The same thing happened as I stood before Modigliani’s Recling Nude. Tears and a thumping heart. And a few quizzical stares directed my way.
I was already tired and overwhelmed by the tour, and my emotions were sitting pretty close to the surface. But there was something about being so close to these amazing works of art — created by human hands, cherished by so many — that touched me so deeply. The galleries were so quiet, people speaking in hushed tones, listening to their headsets as they walked around. It was like being in a church dedicated to art, and I truly felt the reverance that the paintings demanded. It was the only time during my entire stay in New York that I wished I’d been with someone I knew, so I could turn to them and say: aren’t people amazing? Look what we can do!
I absolutely adored the MOMA. Loved the art and the space and the food in the cafe on the 5th floor. I loved how friendly and helpful the stewards were, and how the museum let visitors use their cameras. This wasn’t the case when I visited the Guggenheim a few days later and it was quite comical watching the stewards (who looked like security guards) running up to people brandishing cameras: “No photos!”. It made no sense to me. Why was someone taking a snap with an iPhone such a bad thing? Surely art appreciation is to be encouraged, and if I wanted a crappy low-res shot of the Rothko to take home with me — a little memory to treasure, a bit of proof that I’d seen it! — why not let me? (I took it anyway. And yes, a man rushed over and told me off ;-)
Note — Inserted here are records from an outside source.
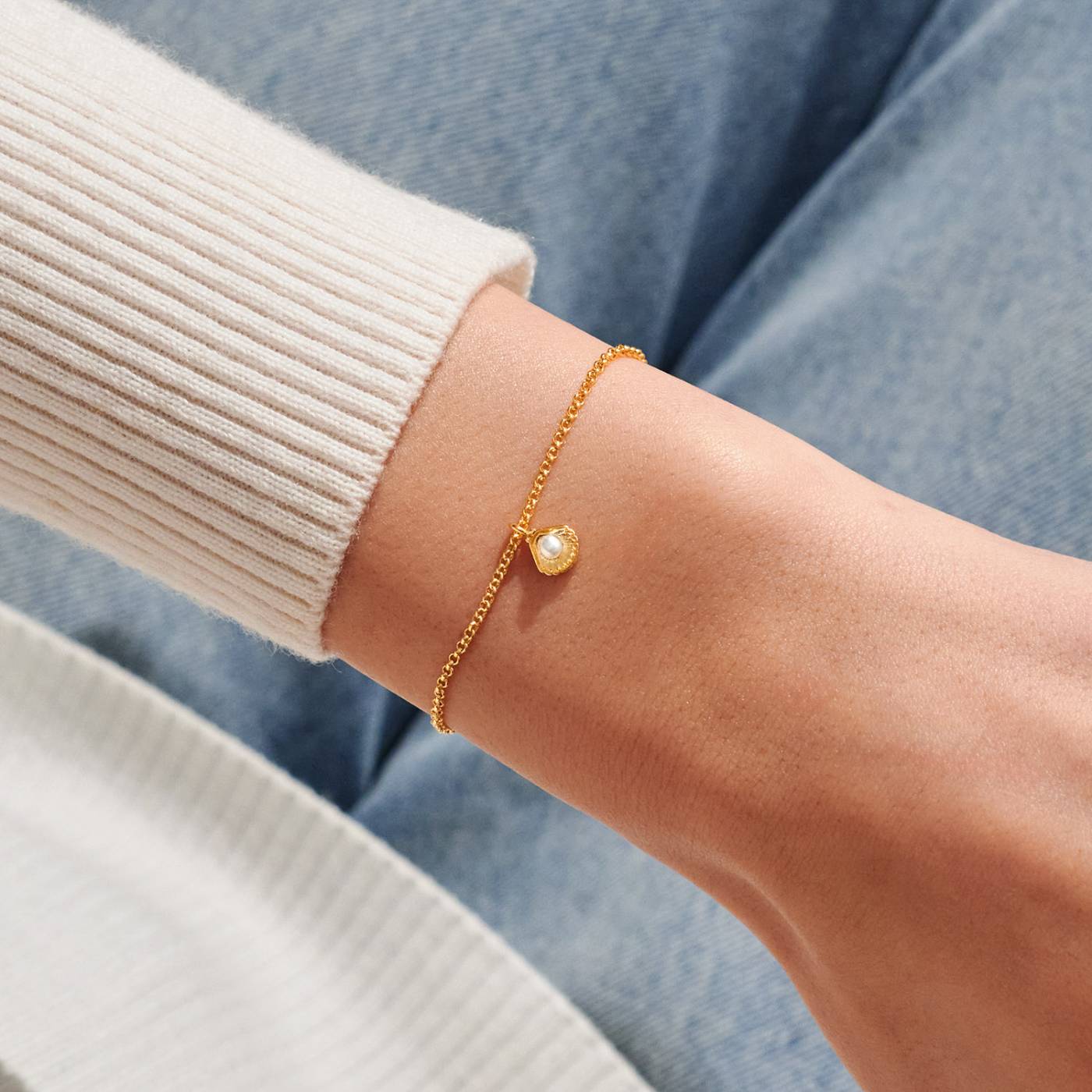 Loved by You | Pearl Shell Bracelet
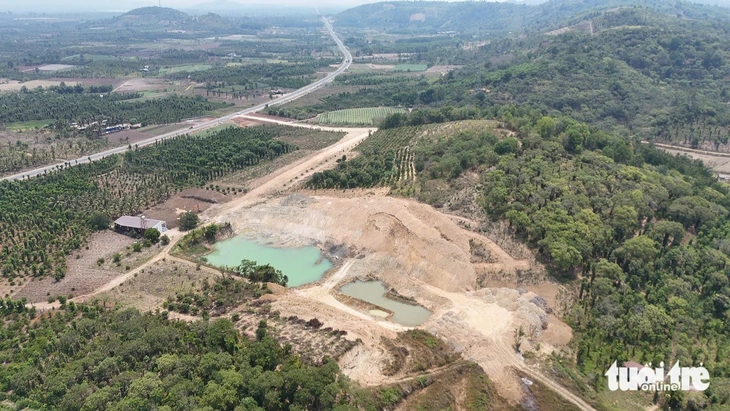 múc đất - Ảnh 8.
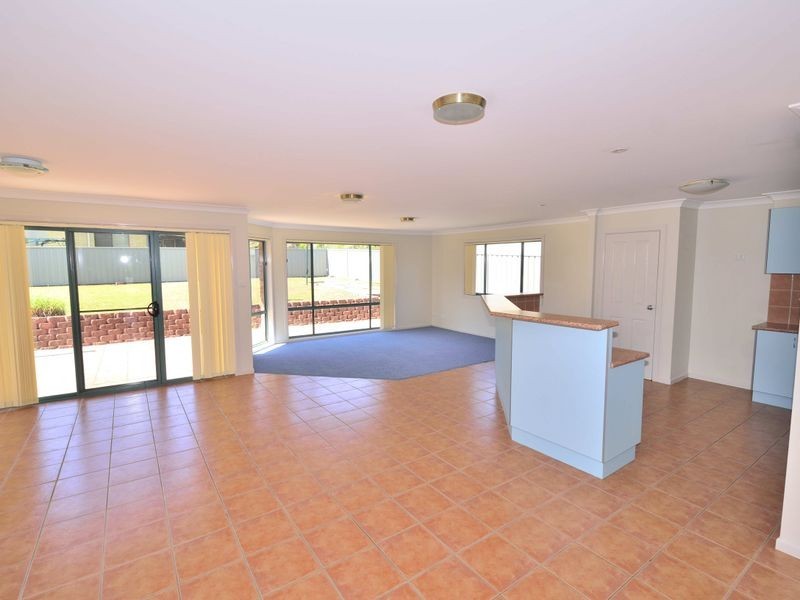 8 Cecil Baldwin Close, West Kempsey NSW 2440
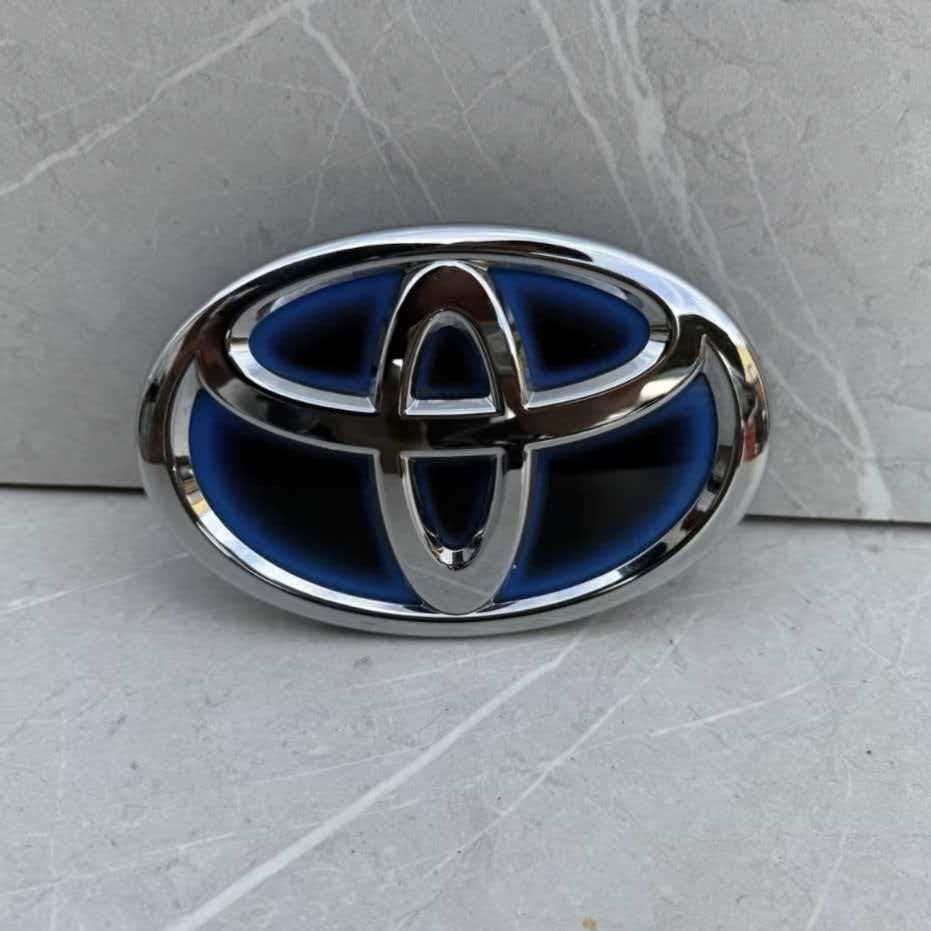 For Toyota C-HR Genuine OEM Toyota Camry Avalon Prius Hybrid Front Grille Emblem 75310-47010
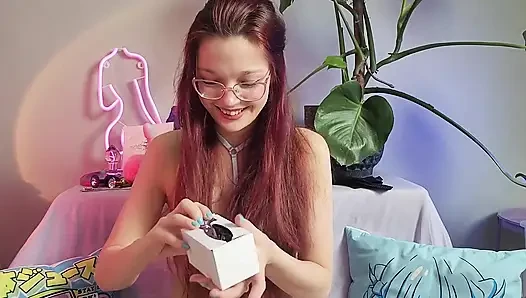 E-girl sex-spielzeug holen! Nettes spielzeug entpackt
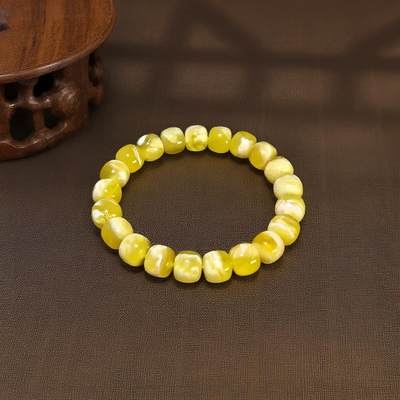 碧月说宝 君子怀瑾·当代和田玉清风专场(八) - 俄料（产地俄罗斯）瓷白花溶洞金白蜜蜡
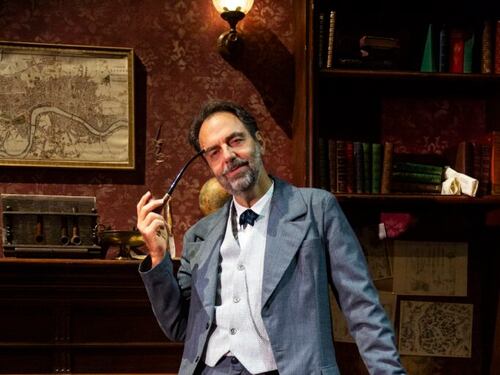 "Sherlock? È ironico. Ma il mistero resta"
The only place you were allowed to take pictures was standing in the atrium looking up at the (admittedly awesome) glass roof. Of course, i ignored this rule and took a few more sneaky shots as I walked round (and round) the building:
The Rineke Dijkstra retrospective (above) was fantastic and definitely worth the visit (a female photographer celebrated in a New York museum, no less. My heart soared.) And yes, the building itself is amazing and I’m glad I took the time to see it, though I might not go back, now that I have. The MOMA, however, will see me again, that’s for sure.
Does art (or music, or theatre, or any of the other creative arts) make you cry too?